Cheating at Baccarat while in the company of a “mysterious” asian woman seems like something that only happens in a Bond novel.
IIRC, courts have generally been friendly to card counters. Obviously this isn’t the exact same kind of thing, but it seems similar enough that I’d bet (not literally) that he’ll keep his money.
Even though the house “bends over backwards to accommodate superstitions”, I think the bosses overseeing the game dropped the ball here. If Phil and Cheng are smart enough to use pattern recognition to their advantage, the casino should also have their smartest bosses looking for those same types of exploits…if you don’t have bosses smart enough to detect them as well, then the casino should not have agreed to higher stakes.
From your link, one of the posters said that the Borgata was probably gonna lean on,
But I think the lack of due diligence by the casino using defective cards and poor monitoring by the dealer and the boss(es) will collectively bite them (the casino) in the ass.
If I walked into a casino and asked them to deal out all of the cards face-up because I was superstitious, I expect that they would just laugh at me. And in the extremely unlikely event that they agreed to my “superstition”, everyone would agree that they were idiots and deserved to lose that money. This case appears to me to be different only in degree from that: There’s no way the casino should have agreed to a request like “Turn all of these specific cards around 180 degrees”, and given that they were so idiotic as to do so, they deserve to lose.
I disagree that its a matter of degree. The difference is that in your hypothetical, the casino knows dealing the cards face-up is to their disadvantage. In the real case, Ivey knew the cards were defective, but the casino didn’t.
I agree Ivey should keep the money in anycase, since it’s the casino’s responsibility to prevent a game from being defective, not the players (though the casino, in turn, has a pretty good case against the card manufacturer.)
I also kind of wonder if, even if they could win in court, it isn’t just to the Casino’s advantage to let cases like this slide. After all, there are a lot of people who go to casinos thinking they’ve figured out some way to beat a game. And the vast majority of them are wrong.
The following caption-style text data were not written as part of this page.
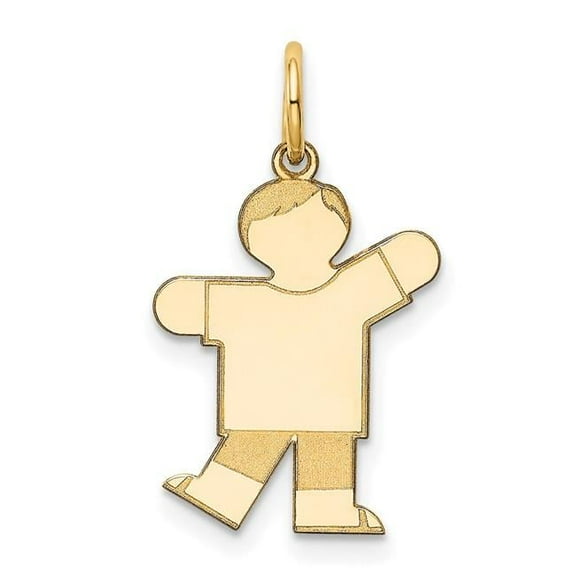 14k The Kids Small Boy with Haircut Engravable Kiss Charm XK1112Y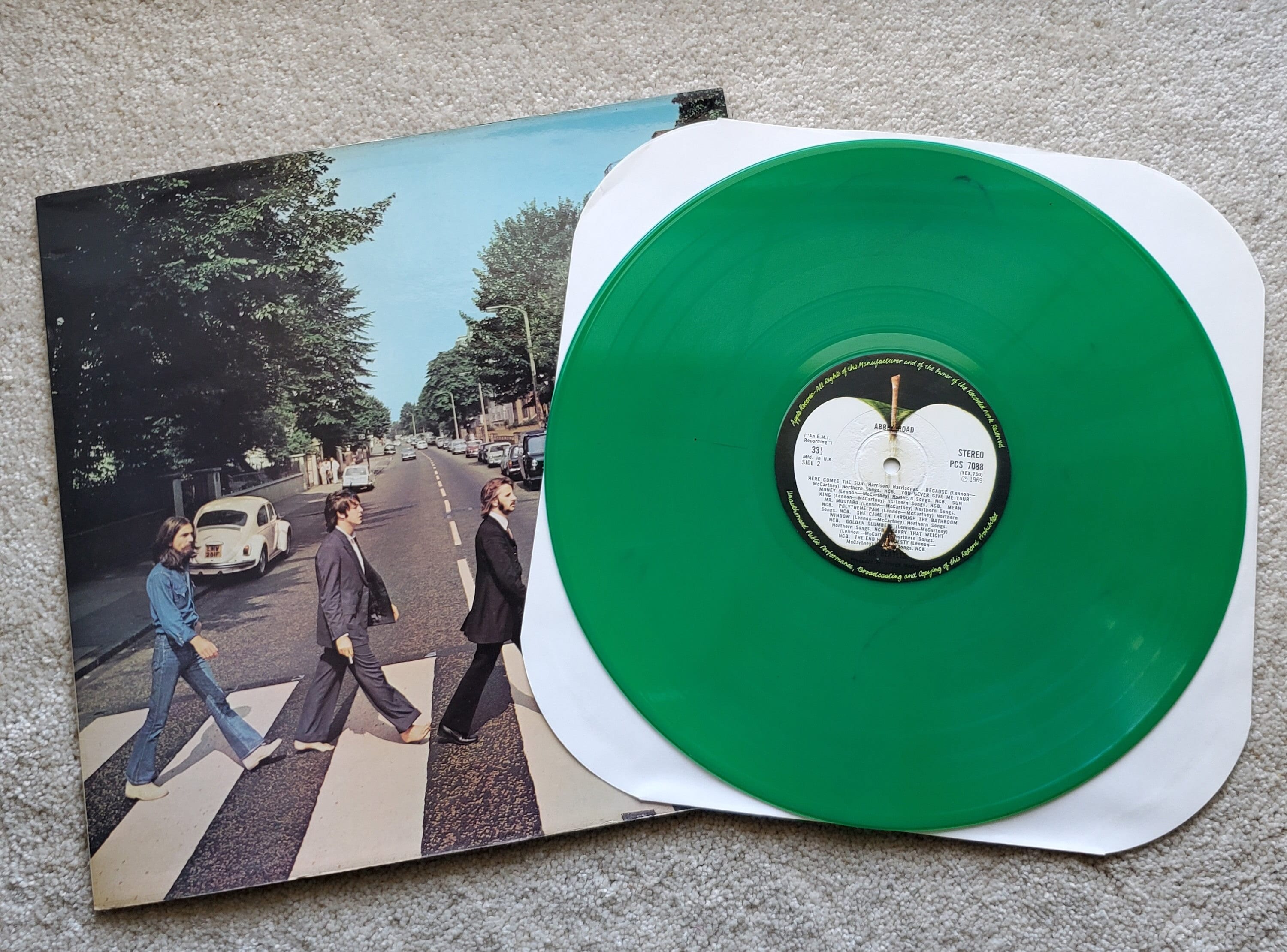 RARE Vinyl the Beatles (green) – Abbey Road Lp - 1978 Reissue VG+/
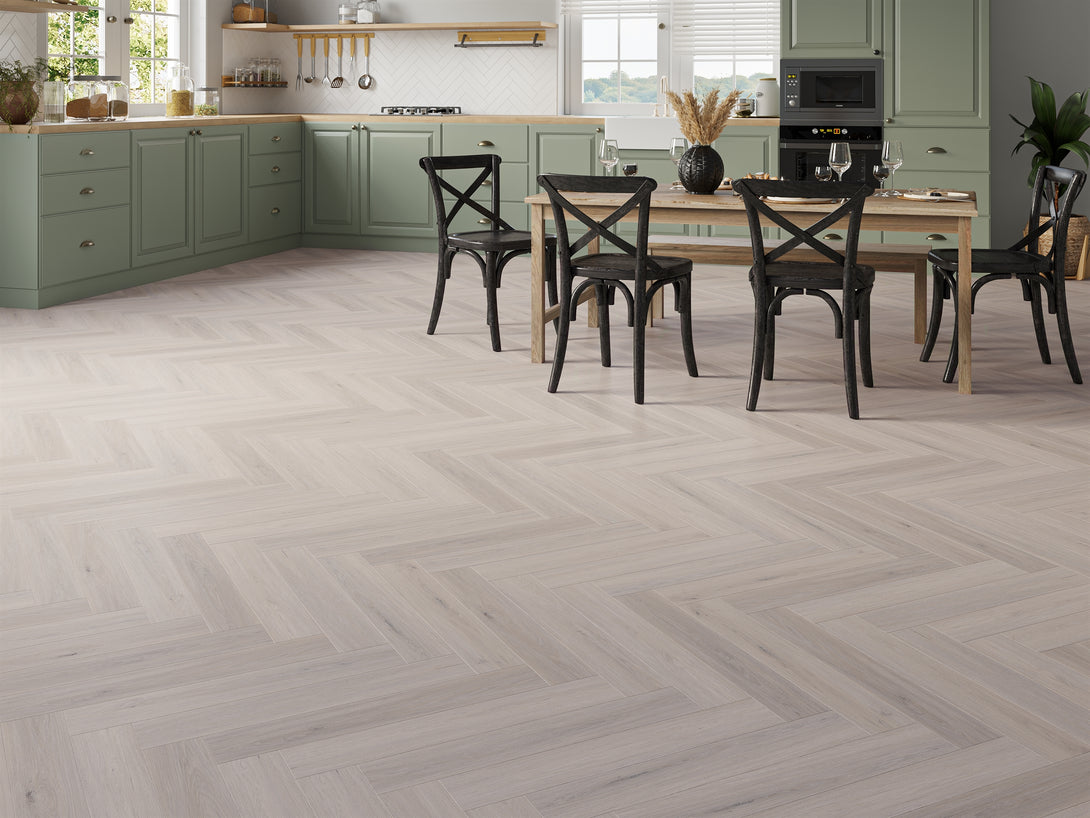 Arbor Herringbone LVT Flooring - Frosted Oak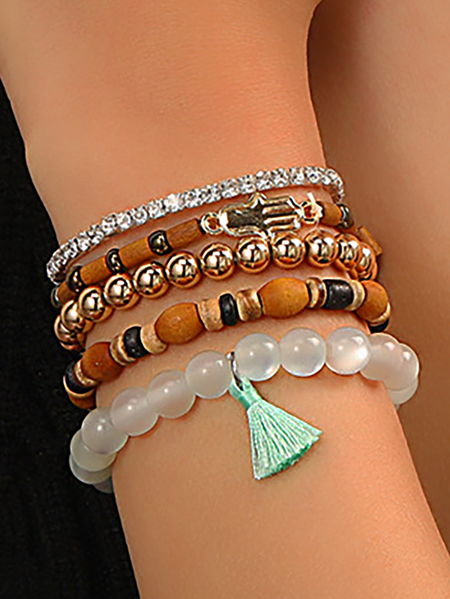 

Ethnic Vintage Wooden Beads Crystal Beaded Multilayer Bracelet Boho Jewelry, Brown, Bracelets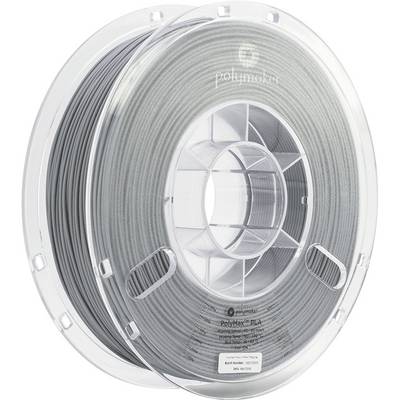 Bobine grise de filament pour imprimante 3D, marque 'Polymaker'. Le filament est enroulé sur un support transparent, adapté pour l'impression 3D.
I suspect having the rare case where someone does beat the system known to all the wannabe Rainman types out there might actually be worth a lot more to the casino’s then the couple million they lose.
The casino should know that dealing the cards face-up is to their disadvantage. They should also know that re-arranging the cards a particular way based on their value at a player’s request is to their disadvantage.
While that’s at least initially true,* the very fact Ivey asked for the cards to be dealt in an unusual fashion* should have tipped them off.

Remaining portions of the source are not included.